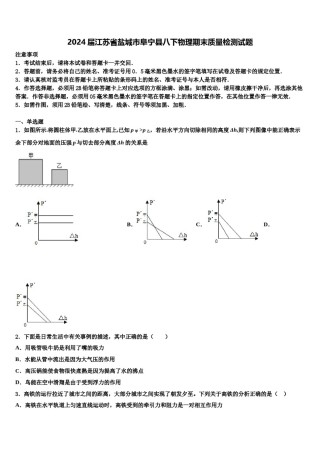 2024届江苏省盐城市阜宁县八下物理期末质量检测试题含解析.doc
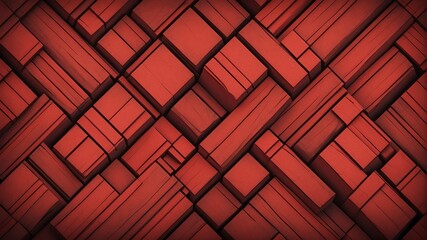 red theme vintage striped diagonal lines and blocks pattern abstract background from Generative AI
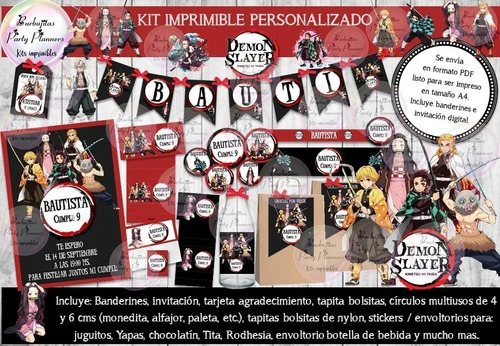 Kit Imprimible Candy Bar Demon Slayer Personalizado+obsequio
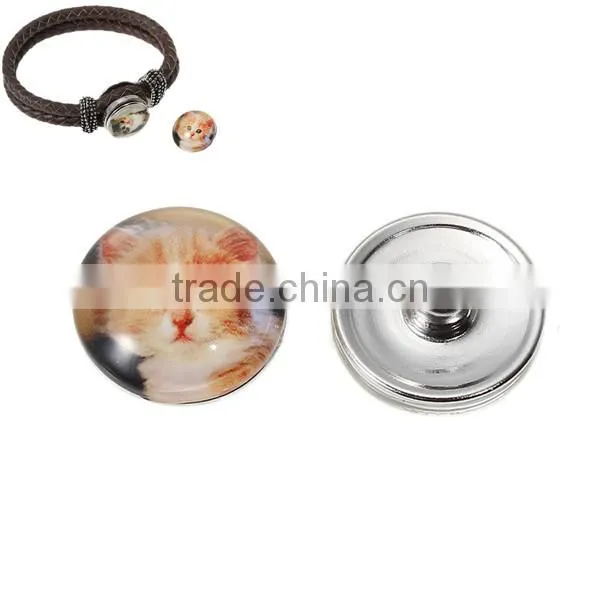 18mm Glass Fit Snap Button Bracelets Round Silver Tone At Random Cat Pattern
━━━━━━
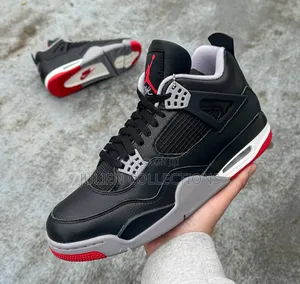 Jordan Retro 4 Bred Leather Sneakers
━━━━━━
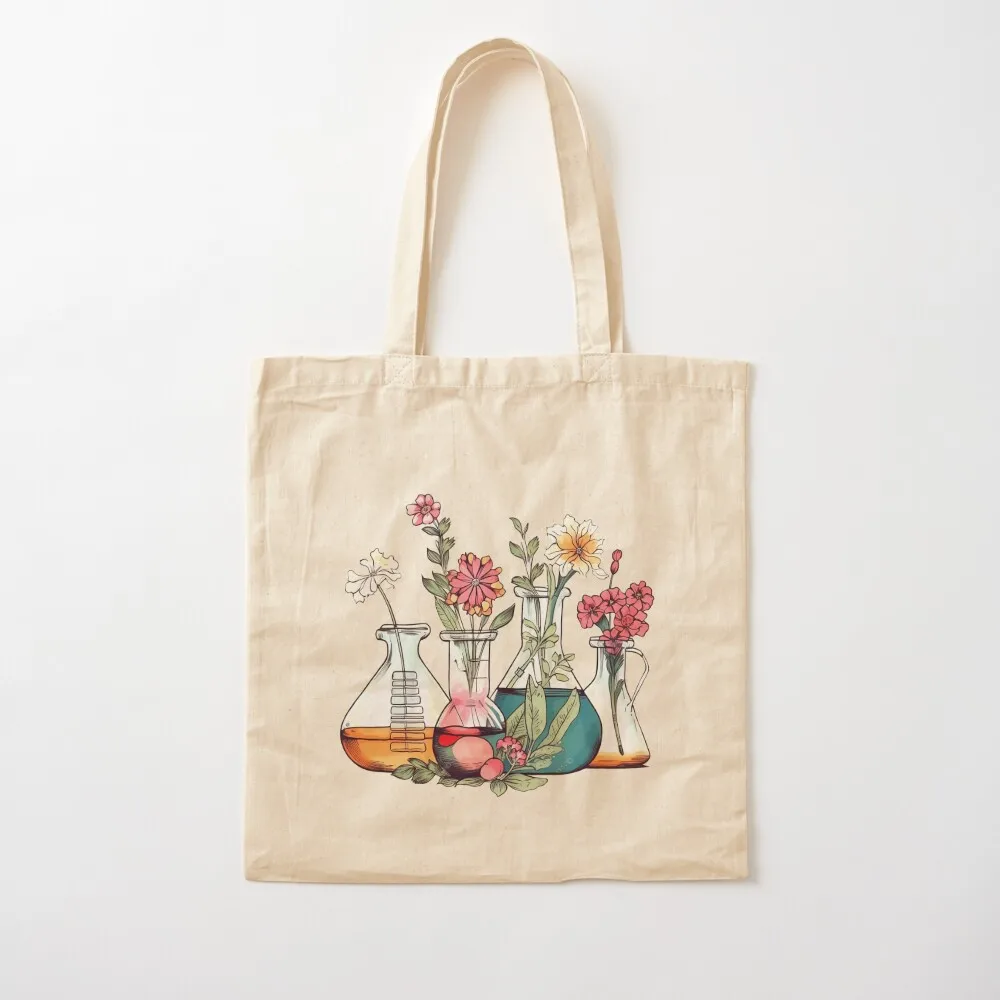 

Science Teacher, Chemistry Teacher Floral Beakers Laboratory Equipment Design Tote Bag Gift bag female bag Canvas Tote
━━━━━━
Every line above between the one containing "2024届江苏省盐城市阜宁县八下物理期末质量检测试题含解析.doc" and the one containing "18mm Glass Fit", those two included, is to be printed exactly. No pictures go into the copy.

 2024届江苏省盐城市阜宁县八下物理期末质量检测试题含解析.doc
 red theme vintage striped diagonal lines and blocks pattern abstract background from Generative AI
 Kit Imprimible Candy Bar Demon Slayer Personalizado+obsequio
 18mm Glass Fit Snap Button Bracelets Round Silver Tone At Random Cat Pattern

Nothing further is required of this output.